Update…
I tried another M.2 drive in the USB enclosure and that worked just fine.
Disk Drill doesn’t even see the drive, when it’s connected in its USB enclosure.
Would it still be any help to go the Linux route? I tried connecting it to my Mac, but it didn’t show there either…
Have you checked with sudo dmesg in a terminal on Mac OS X if there’s any problem reported, or the device at least probed? If this yields nothing, I doubt Linux will help at all. But depending of the value of the data to you, Linux might be a good goto option. dmesg works there too.
Most if not all the tools on Linux are available on macOS too, since they share the same ancestry (they might not come preinstalled but installation is trivial with brew).
I took the drive to a local Computer guru, but he couldn’t help. He mentioned dedicated data recovery shops can remove the storage chips and read them, but at a premium price…
The drives only contain pictures. Nothing I can’t live without, but there are some pictures of persons I will never meet again and I’d really want the pics back.
Nothing secret and nothing compromising, just affectional value.
Anybody know of a data recovery shop that can be trusted to attempt to find my pics without just cheating me out of my cash?
You really don’t want to hear this, but the cheap method is preventative measures, aka Backups.
Good, worthy, automatic Backups with frequently tested and trusted Restore.
Right now your only options are expensive and they do not guarantee success.

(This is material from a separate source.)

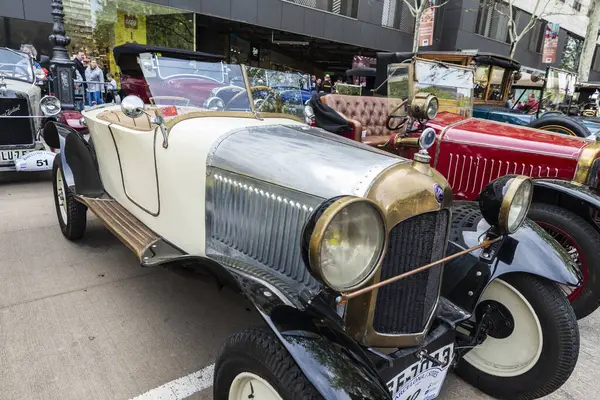 Barselona, İspanya - 6 Nisan 2024: Citroen markasının 1920 'lerden kalma eski beyaz arabası Barselona, Katalonya, İspanya' da bir sokağa park edildi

It’s a rare craft that needs expensive equipment. Would be a miracle if you find a capable, cheap techie.
Jumping on this thread just to save starting a new topic.
Just bought a 2tb ssd M.2
Are these plug and play? Like what happens when i install it into the case? There is a drive in there at the moment, which i believe to be failing. Can i just pop the new one in or is there a process?

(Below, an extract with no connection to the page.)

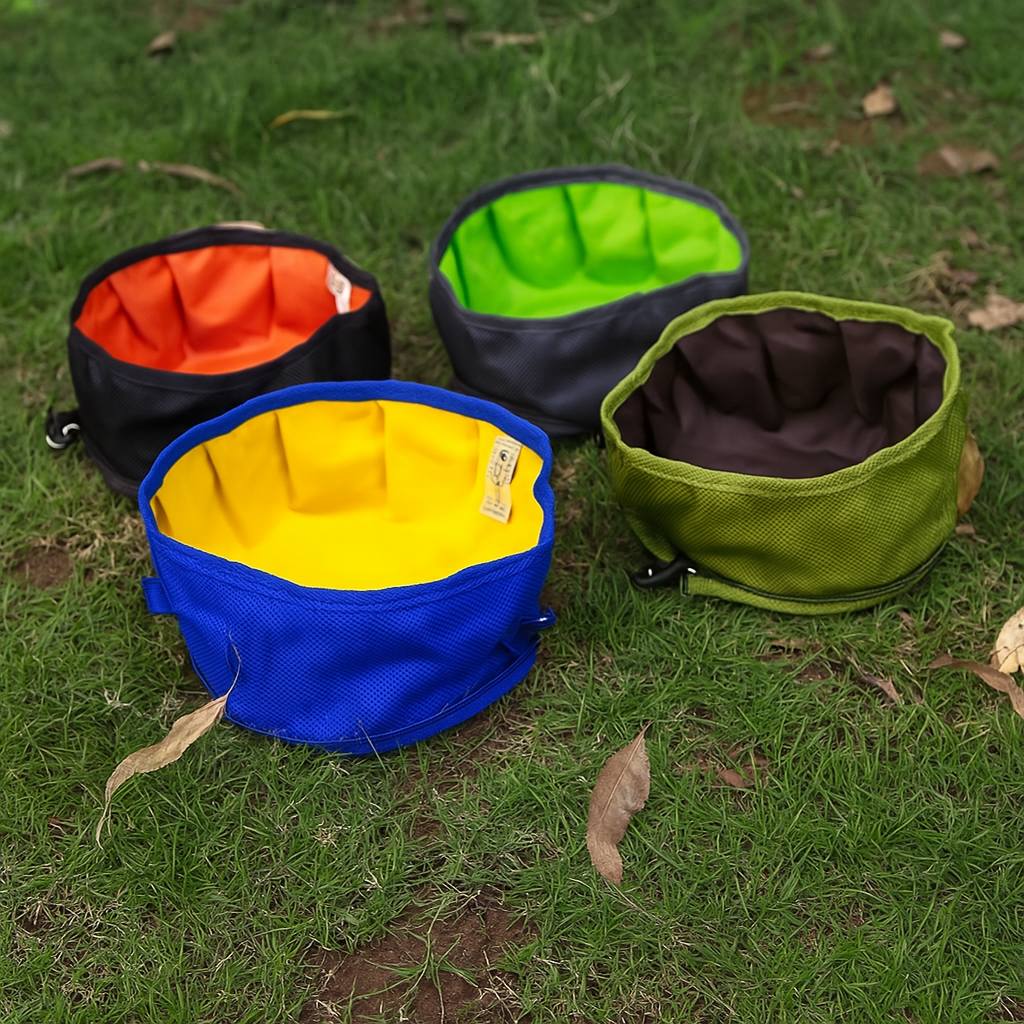 gamelle pour chien pliante de couleur différente sur une herbe verte. Image produit Boutiquechien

Yep. As an IT guy I am obligated to mention the 3-2-1 rule.
3 Copies, at least two different types of storage media, 1 copy off-site.
If you don’t follow 3-2-1, then the data doesn’t exist.
As well, flash based media, whether that be SSDs (NVMe or SATA based), SD cards, etc - are only expected to retain the data when not connected to power for a few months to a year. So if this ends up being the root cause, the drive is otherwise fine most likely and can be re-used.
An SSD is not an ideal choice for “offline” backups.